# Procedure to solve the utility maximisation problem involving many variables

Proposition. Consider two functions u_X:\mathbb{R}^L_+\rightarrow\mathbb{R} and u_Y:\mathbb{R}^K_+\rightarrow\mathbb{R}. Suppose we have a utility function u:\mathbb{R}^L_+\times\mathbb{R}^K_+\rightarrow\mathbb{R} of the form u(x,y)=u_X(x)+u_Y(y), then solving the following two problems yields the same solution:
Problem 1.
\max_{x\in\mathbb{R}^L_+,y\in\mathbb{R}^K_+} \ u(x,y)
\text{s.t. } \ p\cdot x+q\cdot y \leq M
where p\in\mathbb{R}^L_{++}, q\in\mathbb{R}^K_{++} and M\geq 0.
Problem 2.
\max_{m_X\geq 0, m_Y\geq 0}\left[ [\max_{x\in\mathbb{R}^L_+} \ u_X(x) \text{ s.t. } p\cdot x\leq m_X] + [\max_{y\in\mathbb{R}^K_+} \ u_Y(y) \text{ s.t. } q\cdot y\leq m_Y] \right]
\text{s.t. } \ m_X+m_Y \leq M

Claim 1. If (x^*,y^*) solves problem 1, then ((m_X=p\cdot x^*, m_Y=p\cdot y^*),(x^*,y^*)) solves problem 2.
Proof. Suppose (x^*,y^*) solves problem 1. It is easy to verify that ((m_X=p\cdot x^*, m_Y=q\cdot y^*),(x^*,y^*)) is feasible in problem 2. Suppose, by way of contradiction, ((p\cdot x^*, q\cdot y^*),(x^*,y^*)) does not solve problem 2, then there exists ((m_X',m_Y'),(x',y')) such that u_X(x') + u_Y(y') > u_X(x^*)+u_Y(y^*) and p\cdot x' \leq m_X', q\cdot y' \leq m_Y', and m_X'+m_Y'\leq M, but that implies that p\cdot x' +q\cdot y' \leq m_X'+m_Y'\leq M, contradicting that (x^*,y^*) solves problem 1.
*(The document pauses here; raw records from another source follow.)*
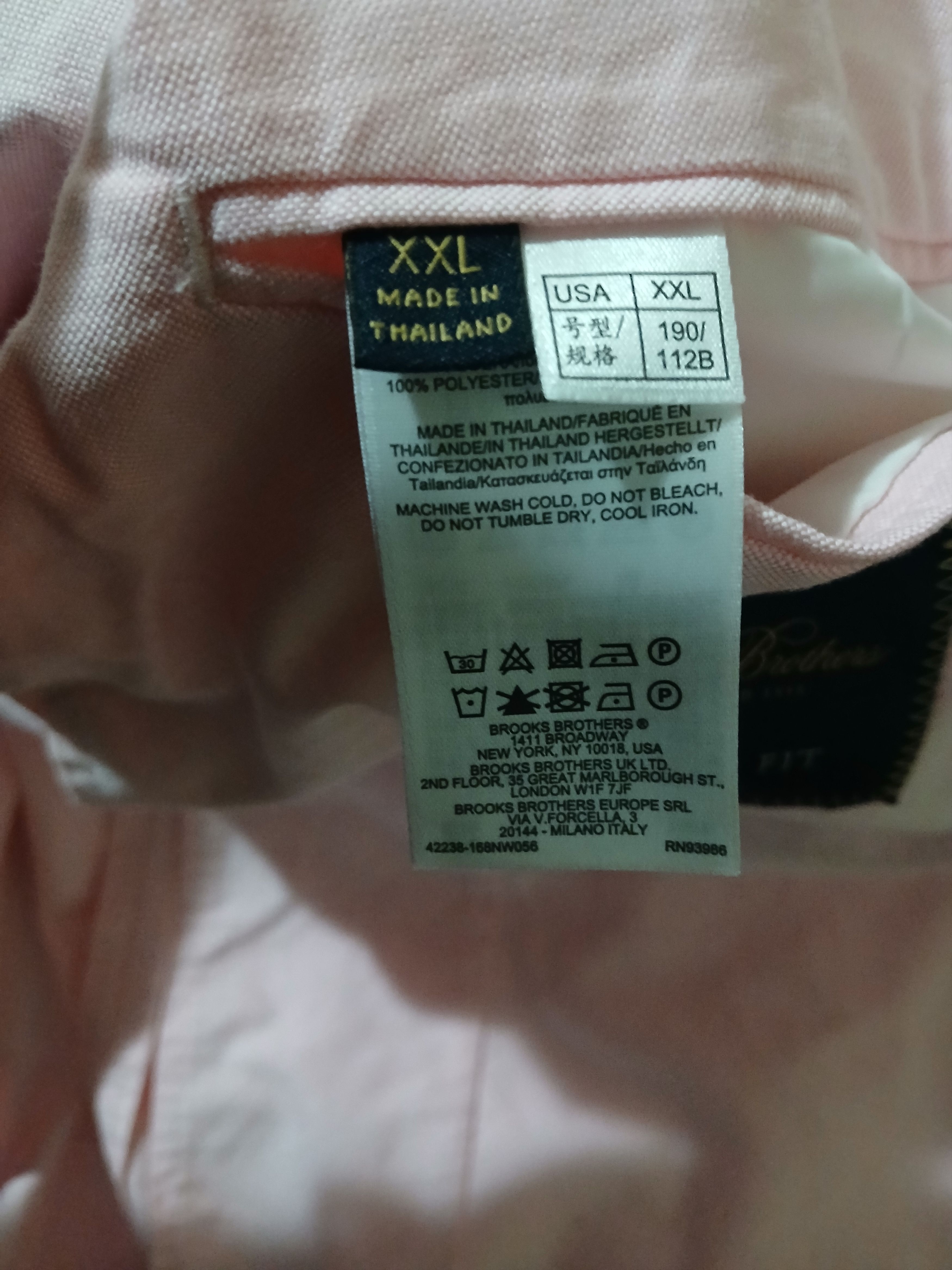 Brooks Brothers Brooks Brothers sports blazer Size 50R - 3 Thumbnail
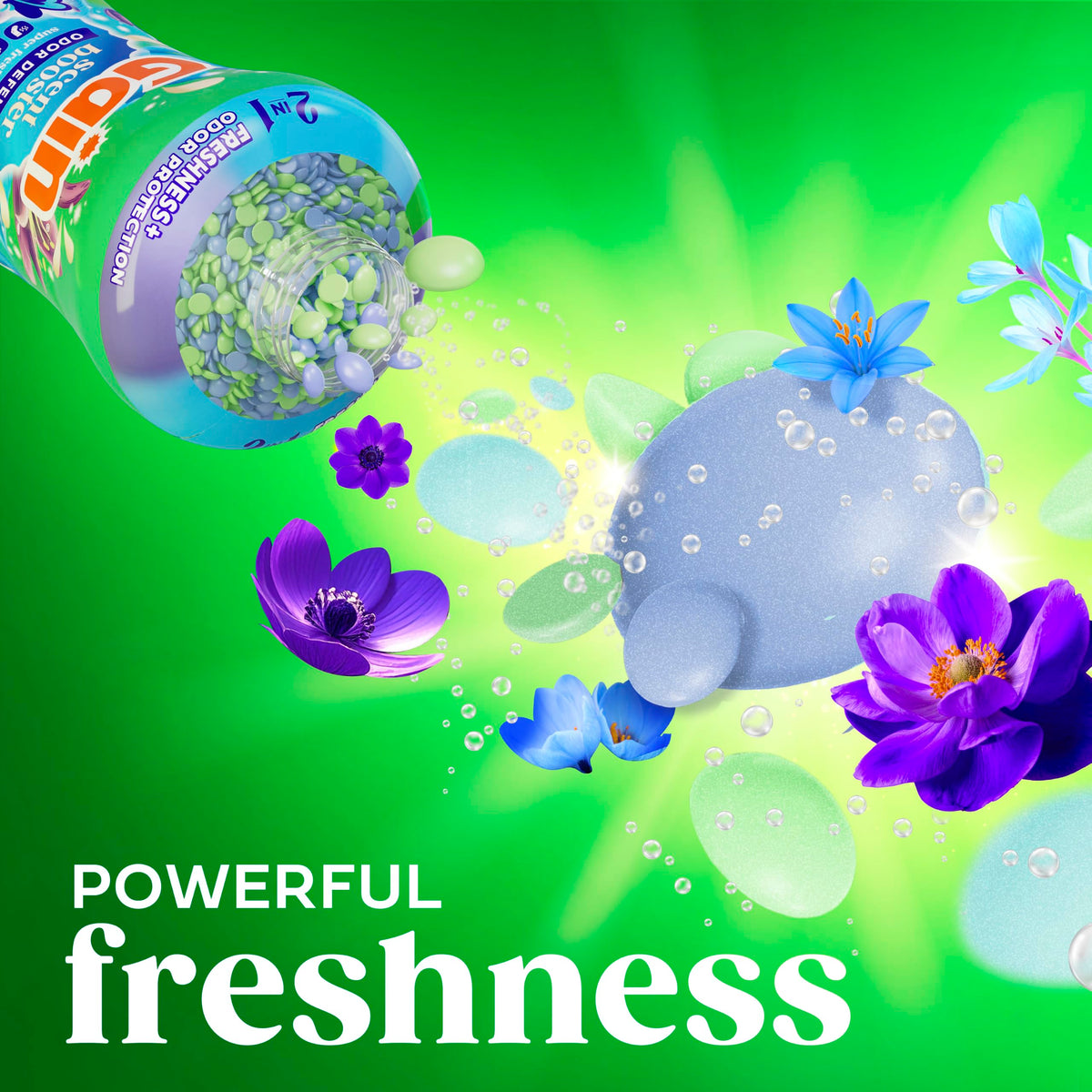 In Wash Laundry Scent Booster Beads Long (21.1 Ounce)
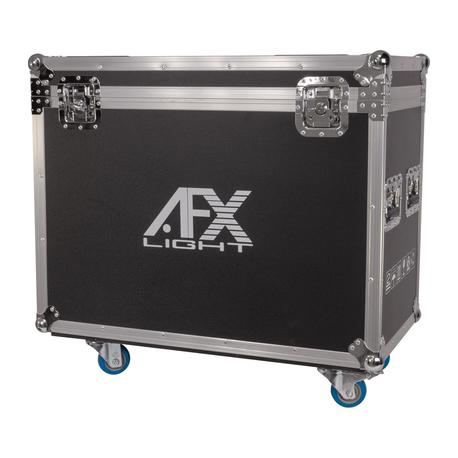 AFX FL-HOTBEAM3R FLIGHTCASE PARA 2xHOTBEAM-3R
Claim 2. If ((m_X^*, m_Y^*),(x^*,y^*)) solves problem 2, then (x^*,y^*) solves problem 1.
Proof. Suppose ((m_X^*, m_Y^*),(x^*,y^*)) solves problem 2. It is easy to verify that (x^*,y^*) is feasible in problem 1. Suppose, by way of contradiction, (x^*,y^*) does not solve problem 1, then there exists (x',y') such that u_X(x') + u_Y(y') > u_X(x^*)+u_Y(y^*) and p\cdot x' +q\cdot y' \leq M contradicting that ((m_X^*, m_Y^*),(x^*,y^*)) solves problem 2.